I immigrated to the United States from Michoacan in September of 1996 at 12 years old. I was happy that I was moving to the United States because my parents were there and I didn’t feel safe in Mexico. I came to the United States through the Tijuana border. I was in a car with my sister and I remember being nervous. Crossing the border I was so nervous and I remember shaking so hard that the officer even had to ask me why I was shaking and I had to say that I was just cold. The officers asked us where we were coming back from and where we were headed. Other than that there were no further questions asked and me and my sisters made it safely across the border.
After crossing the border into California, me and my family stayed with my mom’s cousin in East Palo Alto for a couple of months until my dad was able to rent an apartment for all of us. The most difficult things for me to adjust to after moving here were the language, and the environment or way of living. It was really hard for me to communicate with people and it was just not the same as living in Mexico. This is also the first time I ever really experienced different cultures and races, it was totally different from Mexico.

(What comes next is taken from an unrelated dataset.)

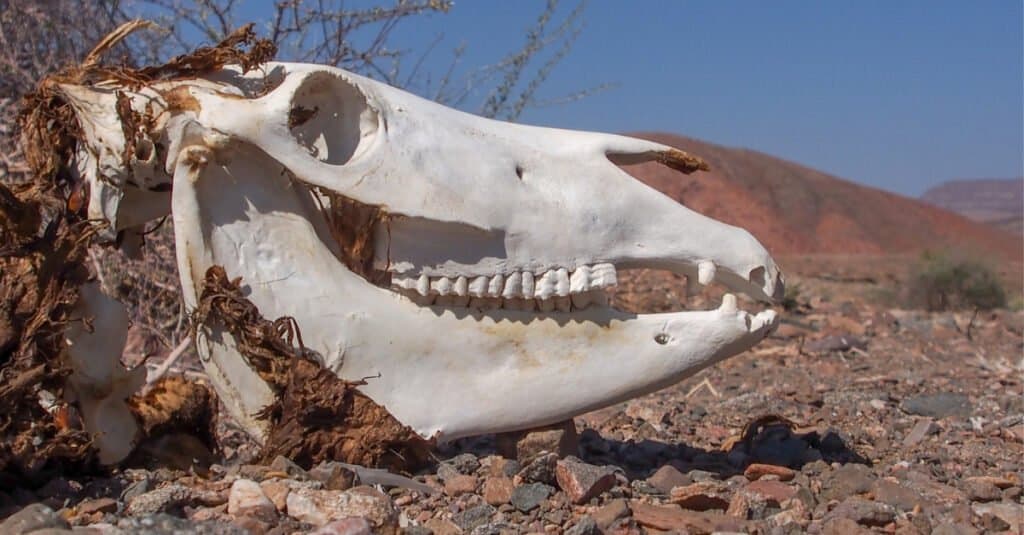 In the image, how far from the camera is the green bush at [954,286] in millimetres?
13195

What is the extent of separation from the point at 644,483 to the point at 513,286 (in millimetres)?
716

I liked California after a while of living here. It was different. In Mexico I was afraid to go out in the streets because it was dangerous. Since I didn’t know the language, I made friends with other Mexicans because we could understand each other. I was in ESL classes in middle school through college. I graduated from high school in 2003 and went to Canada college from 2003-2006 but then stopped when I got pregnant.
I feel like in college and when I was working is when I started to really pick up English. I started working when I was 15 because I wanted to buy my own things that my parents couldn’t afford. I worked so I could buy myself whatever I wanted. It was not that hard to get my first job. I had to get a fake social security and a fake work permit. I went to people that sold them illegally and paid them for it. I was scared of getting caught and getting fired because I was working with a fake work permit. After 9/11 I got fired from my first job because of my papers, but thankfully I was able to get a job after that right away. I was still living in constant fear of being caught and fired from my job because of my documentation.

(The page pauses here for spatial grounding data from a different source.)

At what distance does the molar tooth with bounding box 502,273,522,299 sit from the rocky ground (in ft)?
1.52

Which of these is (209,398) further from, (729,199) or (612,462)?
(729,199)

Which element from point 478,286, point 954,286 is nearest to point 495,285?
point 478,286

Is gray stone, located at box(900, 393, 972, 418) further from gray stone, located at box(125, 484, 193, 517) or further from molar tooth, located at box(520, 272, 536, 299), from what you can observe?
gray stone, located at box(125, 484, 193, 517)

I now have a work permit through DACA. I got my work permit around 2012-2013. I felt safer because I was able to get a license. I was driving without a license for so long so when I finally got my license I didn’t need to be scared of being pulled over and getting my car taken away from me. I am still an immigrant but with DACA I am allowed to work here.
I’ve been in the process of getting my documents through my brother for the past 20 years since 2001. It’s a long process so I’m just waiting. Overall I am very grateful for my experience and I know that I am living a better life here in America than if I stayed in Mexico.
The interview and narrative were done by her son, a high school student in the Bay Area.